Those of you who have stepped foot on an artificial turf playing field know there are millions of little rubber pellets throughout the grass. Those black rubber pellets often are thought of as to why the turf gets so hot. That is not the case. The main reason the turf gets so hot is actually due to the lack of a natural process called transpiration. Transpiration happens when a live plant (grass) naturally releases water, then that water is evaporated allowing for the surface to naturally cool. This cannot happen within the fake grass.

Research shows that natural grass generally only ranges from 75º to 95º on a hot day. This is significantly cooler than artificial turf. Often times the grass is cooler than the air temperature, thanks to evaporative cooling through evapotranspiration. You can generally bet the turf will be between 35º and 55º hotter than the grass surface, no matter the time of year. In theory, this would be a welcomed addition in the cooler months, but can take a toll on your body in the heat. Avoid the turf and find some grass if possible in the heat.
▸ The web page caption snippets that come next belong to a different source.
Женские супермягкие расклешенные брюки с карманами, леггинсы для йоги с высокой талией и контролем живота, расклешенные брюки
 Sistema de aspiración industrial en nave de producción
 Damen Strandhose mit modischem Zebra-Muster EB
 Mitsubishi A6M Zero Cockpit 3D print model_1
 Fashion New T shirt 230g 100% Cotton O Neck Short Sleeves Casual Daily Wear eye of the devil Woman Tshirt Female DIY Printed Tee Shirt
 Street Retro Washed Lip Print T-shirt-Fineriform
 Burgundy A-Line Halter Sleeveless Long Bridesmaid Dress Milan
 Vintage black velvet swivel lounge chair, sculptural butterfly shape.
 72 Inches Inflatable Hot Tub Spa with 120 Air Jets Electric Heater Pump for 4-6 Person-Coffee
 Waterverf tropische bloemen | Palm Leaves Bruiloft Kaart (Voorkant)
The best way to avoid these scorching turf temperatures would be to exercise early in the day or late at night when the air is cooler. Of course, it is important to stay hydrated, but also know that if you stop sweating that is a sign your body needs more water. Apply sunscreen often and avoid wearing dark-colored clothing. Light-colored and looser fabrics will help you stay cool in the intense heat.

Our extended outlook is favoring these warmer temperatures to stick around through late August and early September. It is important to keep these heat safety ideas in mind.